Alors que la compétition pour l'élection présidentielle se profile à l'horizon, Gabriel Attal et Édouard Philippe, deux figures marquantes du paysage politique français, semblent s'engager dans une course intrigante. Loin de rester dans l'ombre d'Emmanuel Macron, ils mènent des stratégies distinctes tout en restant à la croisée des chemins.
Élisabeth Borne, au ton humoristique, a suggéré que le champ politique est rempli de "candidats naturels", incitant chacun à entrer dans le dialogue. Cette remarque pourrait résumer l'état d'esprit actuel des deux antagonistes.

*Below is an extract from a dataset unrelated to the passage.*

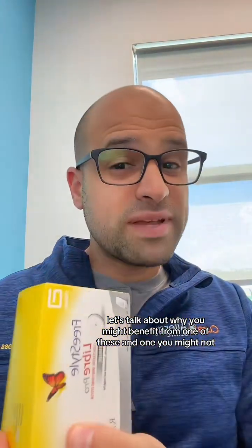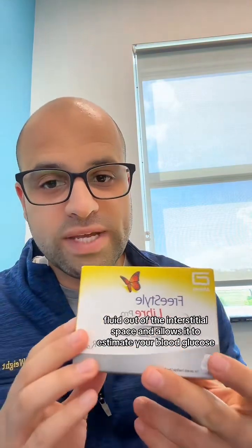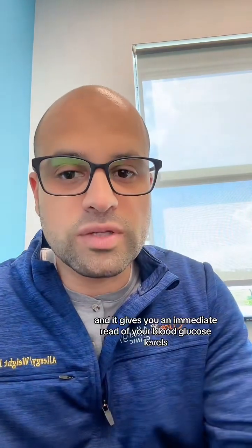Let's talk about why you might benefit from one of these and when you might not. This device has a little filament that samples fluid out of the interstitial space and estimates your blood glucose pretty quickly. You put it on the back of your arm and then, using an app via Bluetooth, you just swipe and get an immediate read of your blood glucose levels.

Le 10 février au Cirque d'Hiver, Attal et Philippe vont se retrouver pour soutenir Pierre-Yves Bournazel, un proche de Philippe, candidat aux municipales à Paris. Malgré l’ambivalence de leur relation, des sources proches des deux hommes affirment que le dialogue est maintenu, même si une alliance n’est pas encore à l’ordre du jour.
Cependant, l'échéance présidentielle pourrait compliquer les choses. "Ils conservent des ambitions concurrentes", souligne un observateur bien informé, alors que la montée du Rassemblement national dans les sondages plonge le camp macroniste dans l'incertitude.
La question de la candidature commune se pose, particulièrement en lien avec la droite, qui aligne déjà de nombreux candidats comme Bruno Retailleau et Xavier Bertrand. Les trois partis, Les Républicains, Horizons et Renaissance, envisagent un socle commun, ce qui fait grincer des dents certains membres, comme Édouard Philippe lui-même.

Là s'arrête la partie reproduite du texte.